## Problem to work on:
Please begin with the line containing "Charles & Colvard" and reproduce each line exactly until the records below end, without any pictures.

------ Extracted information ------

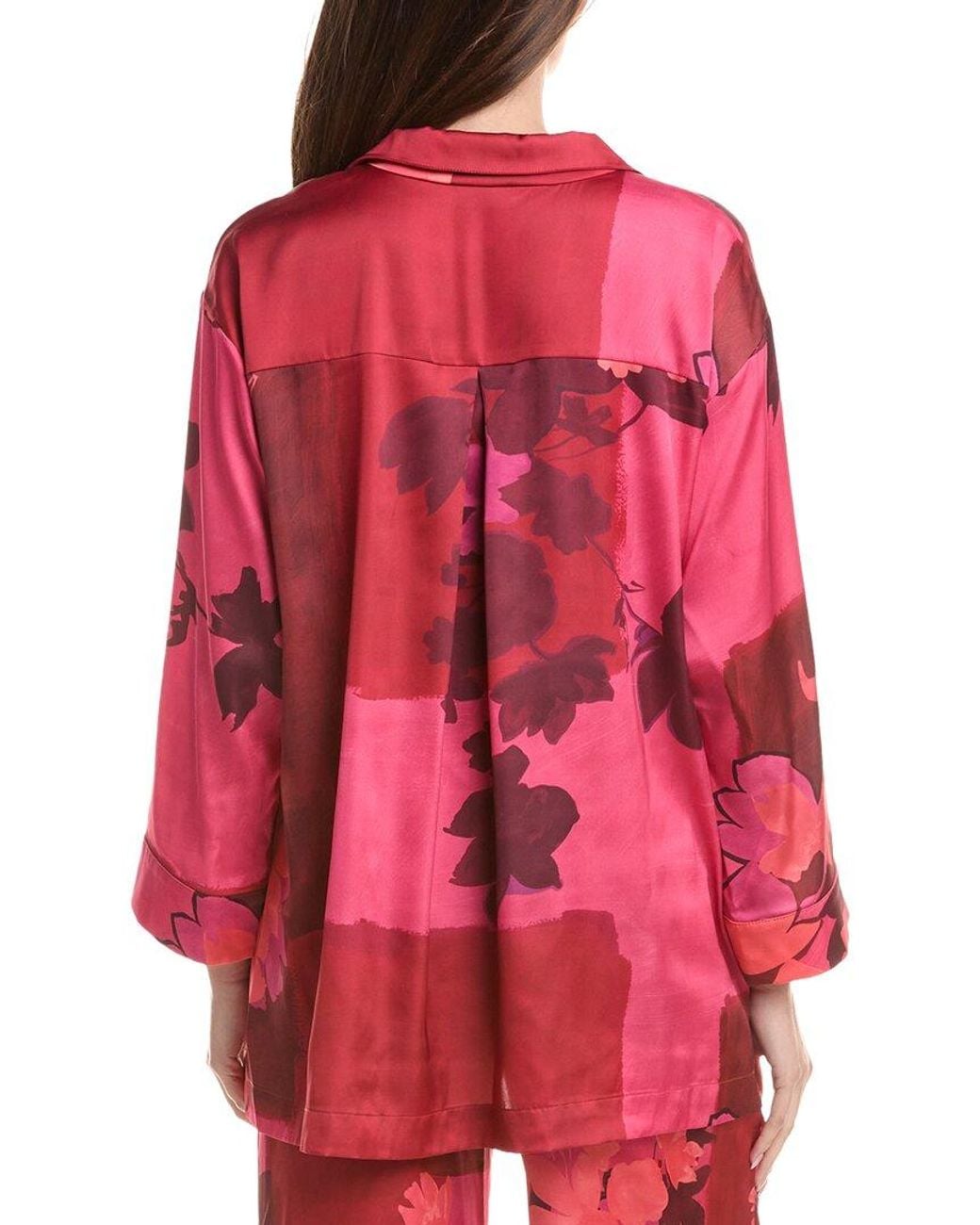 Natori Red Oversized Notch Shirt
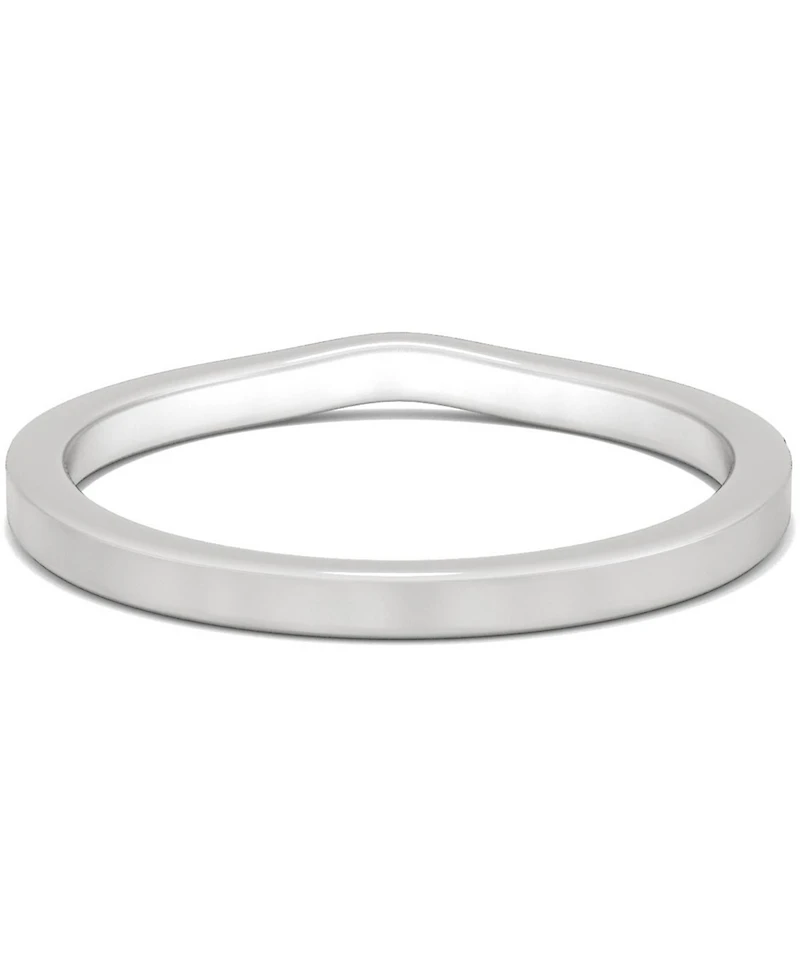 Charles & Colvard Moissanite V-Shape Wedding Band (1/5 ct. t.w. Dew) 14k White Gold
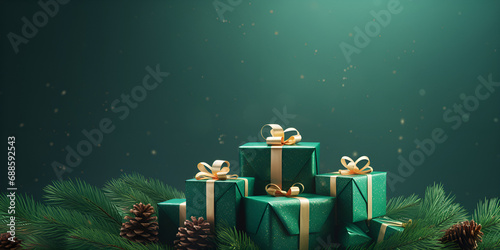 christmas gifts ,Christmas gift boxes with christmas accessori es on green background preparing for the holidays  generative ai
 photo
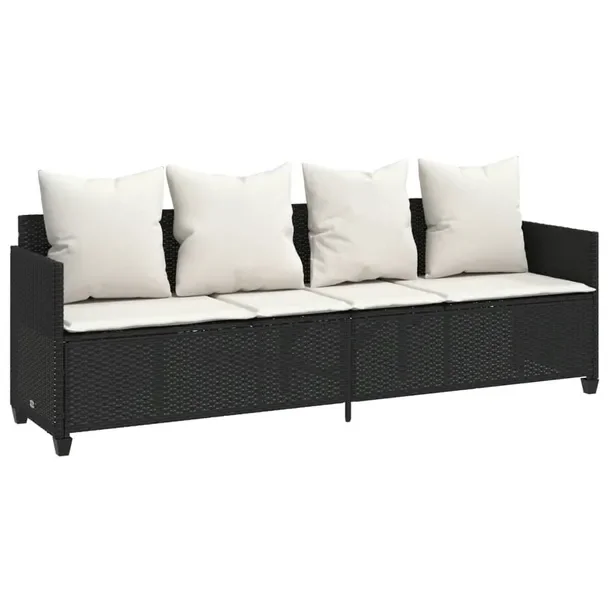 Leżak ogrodowy PE rattan czarny 204x55x69,5 cm + poduszki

------

## Expected output:
 Charles & Colvard Moissanite V-Shape Wedding Band (1/5 ct. t.w. Dew) 14k White Gold
 christmas gifts ,Christmas gift boxes with christmas accessori es on green background preparing for the holidays  generative ai
 photo
 Leżak ogrodowy PE rattan czarny 204x55x69,5 cm + poduszki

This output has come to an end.